Deep Convolutional Generative Adversarial Networks (DCGANs) were introduced by Radford et al. in 2015. They apply convolutional neural network architectures to the GAN framework, producing images with coherent spatial structure where fully-connected GANs produced noise.

In this exercise you will generate abstract art with a pre-trained DCGAN, explore the learned latent space through interpolation, and (optionally) train the network from scratch on a real dataset of African fabric patterns. The narrative arc: in early modules you wrote algorithms to generate patterns by hand; here, you teach a neural network to learn and generate similar patterns autonomously.

Learning objectives

  1. Understand why convolutional architectures improve image generation over fully-connected networks.
  2. Analyse the Generator and Discriminator components of a DCGAN.
  3. Generate novel abstract art by sampling from the learned latent space.
  4. Explore latent-space interpolation to create smooth transitions between generated images.

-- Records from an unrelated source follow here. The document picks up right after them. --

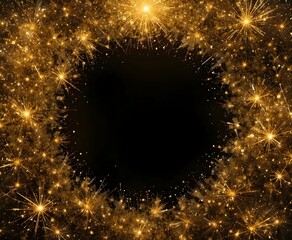 Golden color sparkling effect on black color background.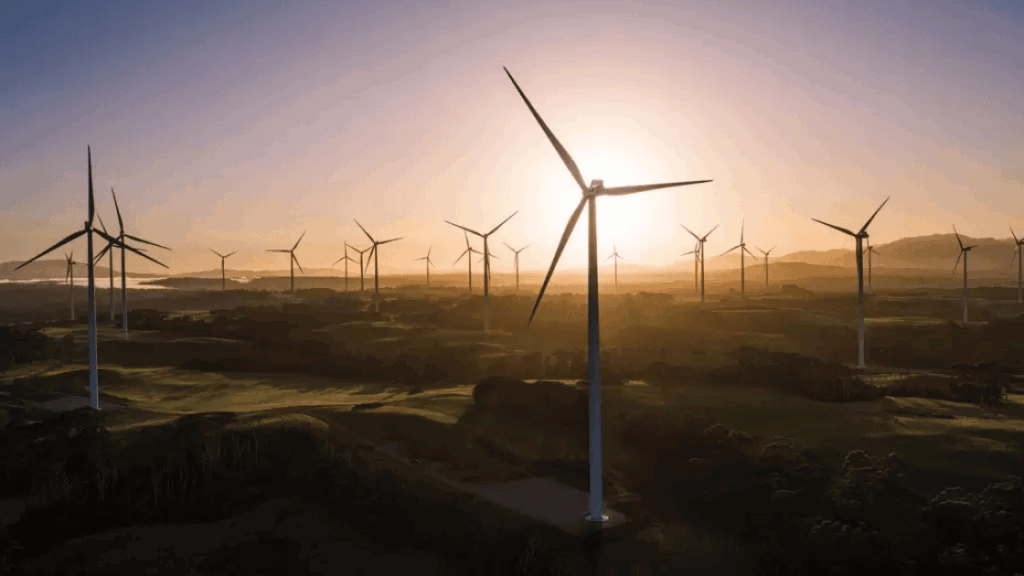 Wind turbines in a field silhouetted by the setting sun.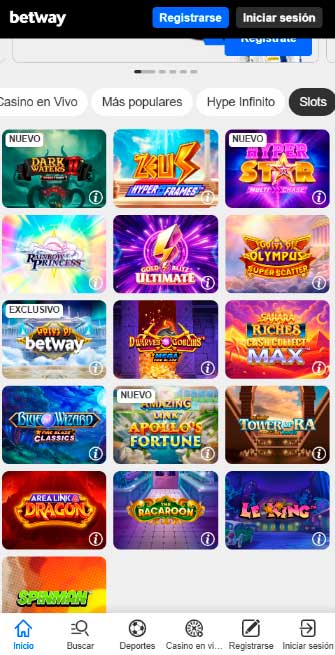 Slots disponibles en Betway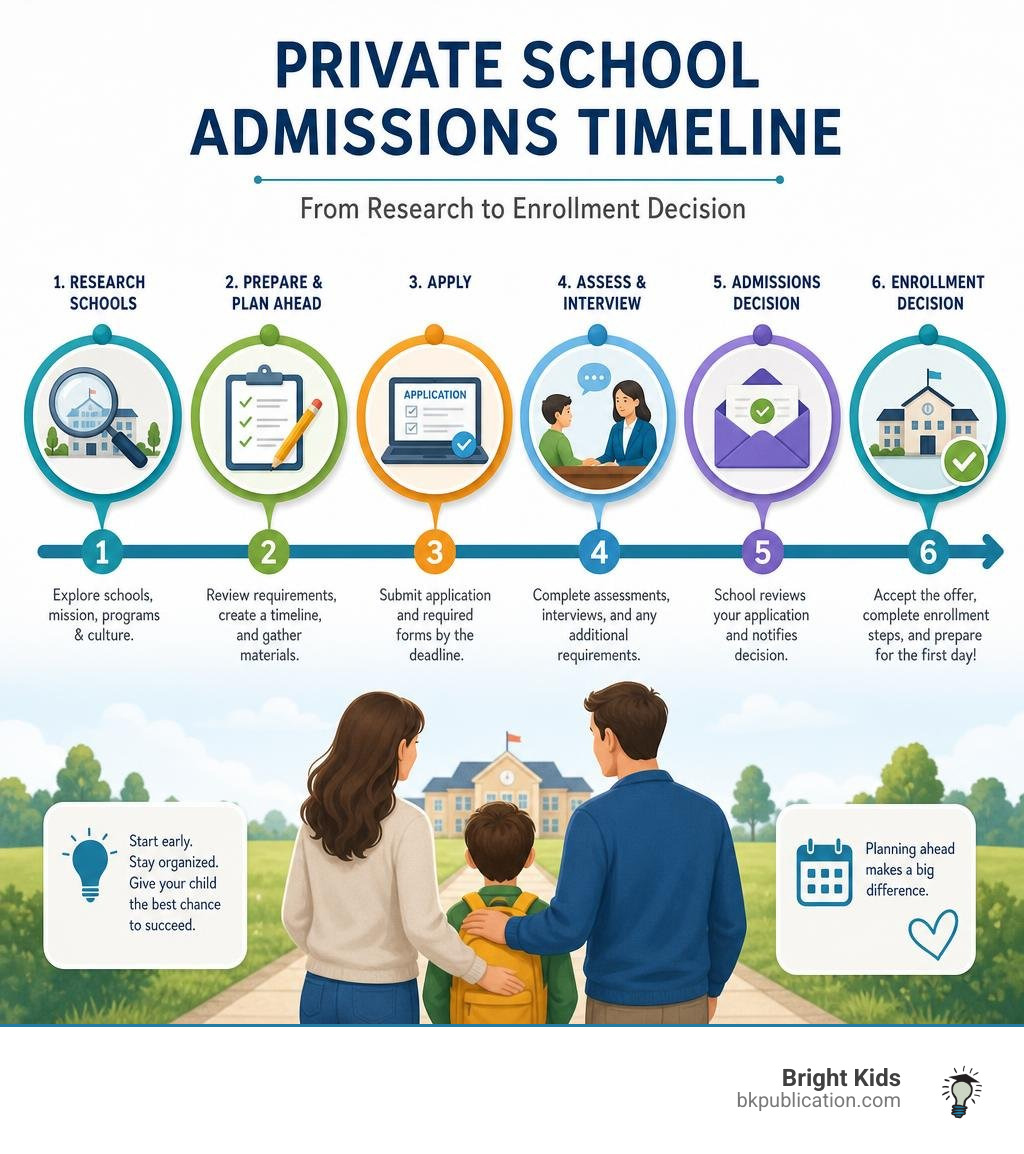 Private school admissions timeline from research to enrollment decision infographic Private school admissions timeline from research to enrollment decision infographic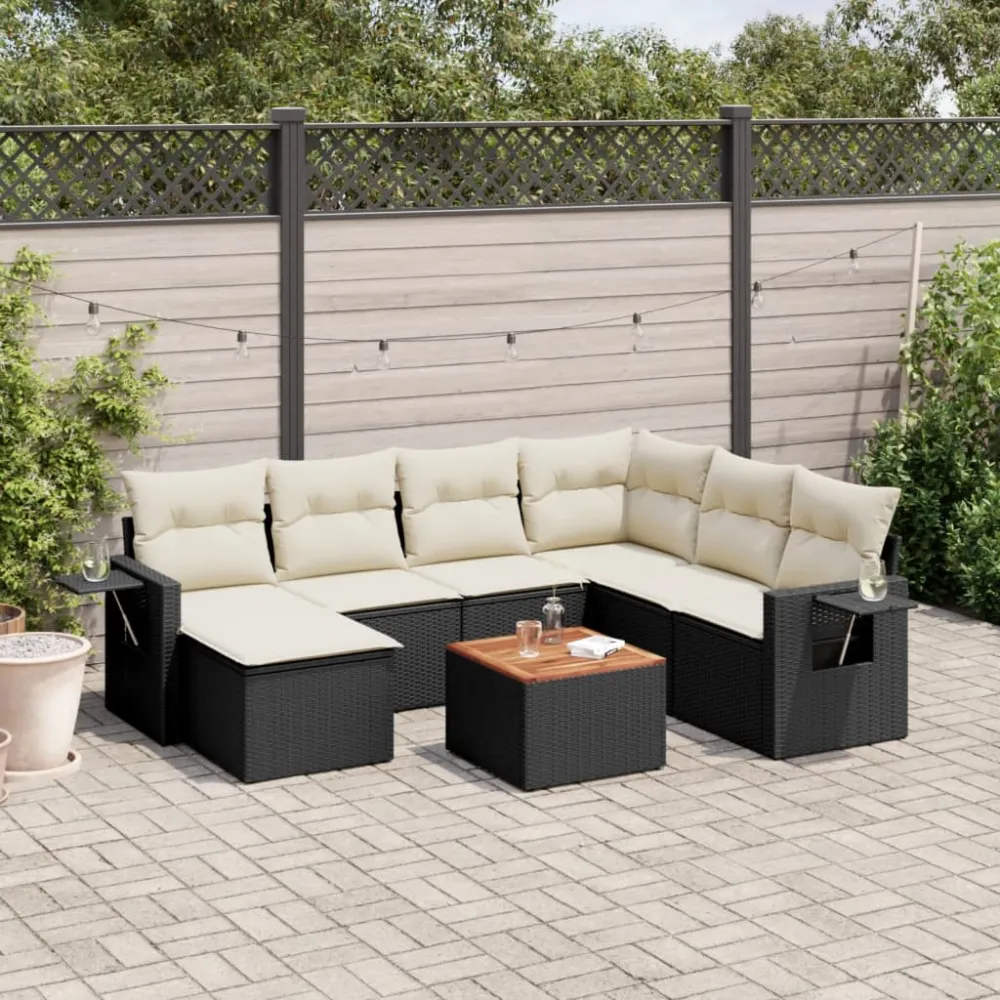 8-delige Loungeset met kussens poly rattan zwart vidaXL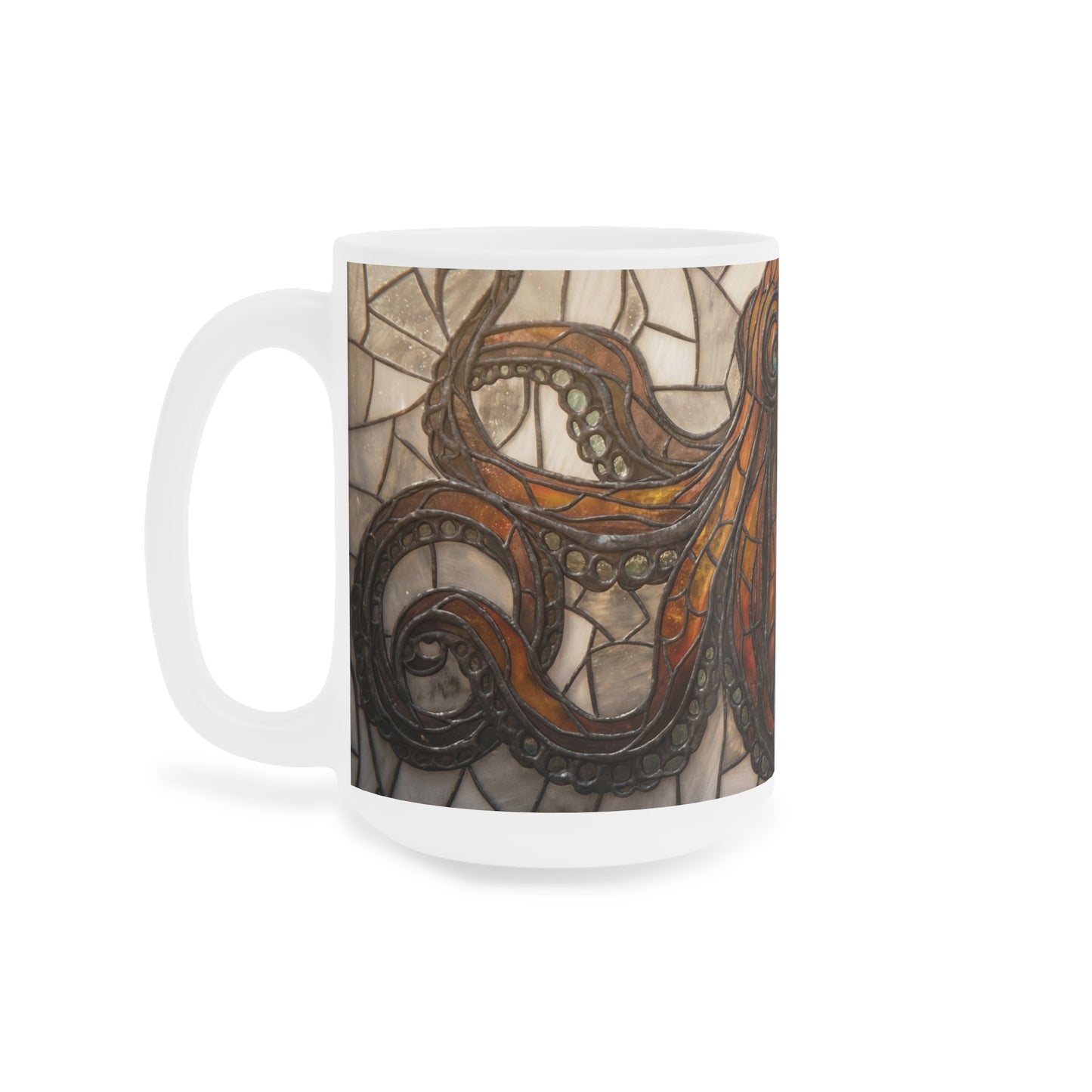 Art Nouveau Octopus Stained Glass Mug – Warm Amber Whirls on Deep Frame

Quick start — see it in action

Load the pre-trained generator and produce four random art pieces.

python · quick-start.py
import torch
from dcgan_model import Generator, LATENT_DIM
import matplotlib.pyplot as plt

# Load pre-trained generator
generator = Generator()
generator.load_state_dict(torch.load('exercise3_generator.pth', map_location='cpu'))
generator.eval()

# Generate 4 random art pieces
z = torch.randn(4, LATENT_DIM, 1, 1)
with torch.no_grad():
    images = generator(z)

# Display the generated art
images = (images + 1) / 2  # Convert from [-1, 1] to [0, 1]
fig, axes = plt.subplots(1, 4, figsize=(12, 3))
for i, ax in enumerate(axes):
    ax.imshow(images[i].permute(1, 2, 0).numpy())
    ax.axis('off')
plt.savefig('quick_start_output.png', dpi=150)
Four DCGAN-generated abstract art patterns
Fig. 2 Four abstract art patterns generated from random 100-dim latent vectors.
quick-start.py exercise3_generator.pth — pre-trained weights (14 MB)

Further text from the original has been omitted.